[Data records Boundary: Start]

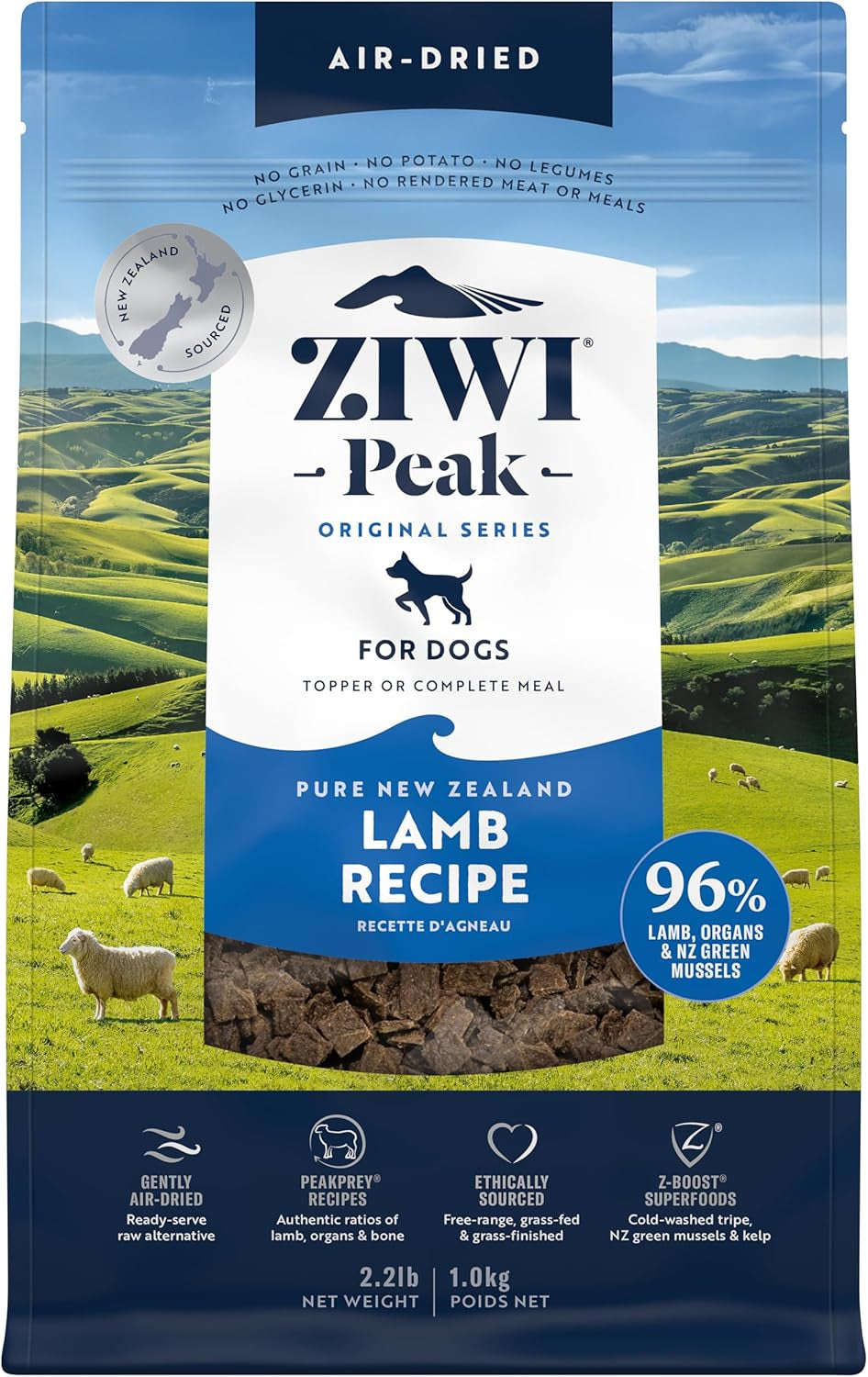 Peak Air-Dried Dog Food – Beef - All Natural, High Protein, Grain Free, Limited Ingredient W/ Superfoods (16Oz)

[Data records Boundary: End]
[Data records Boundary: Start]

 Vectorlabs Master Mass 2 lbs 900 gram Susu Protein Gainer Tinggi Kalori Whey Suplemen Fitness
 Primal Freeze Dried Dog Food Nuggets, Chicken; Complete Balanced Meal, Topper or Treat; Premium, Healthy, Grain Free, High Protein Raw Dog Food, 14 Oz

[Data records Boundary: End]

## [Your task]
When you reach the line containing "Vectorlabs Master Mass" in the data above, start copying exactly, and stop after the line containing "Primal Freeze Dried".

## [Solution]
 Vectorlabs Master Mass 2 lbs 900 gram Susu Protein Gainer Tinggi Kalori Whey Suplemen Fitness
 Primal Freeze Dried Dog Food Nuggets, Chicken; Complete Balanced Meal, Topper or Treat; Premium, Healthy, Grain Free, High Protein Raw Dog Food, 14 Oz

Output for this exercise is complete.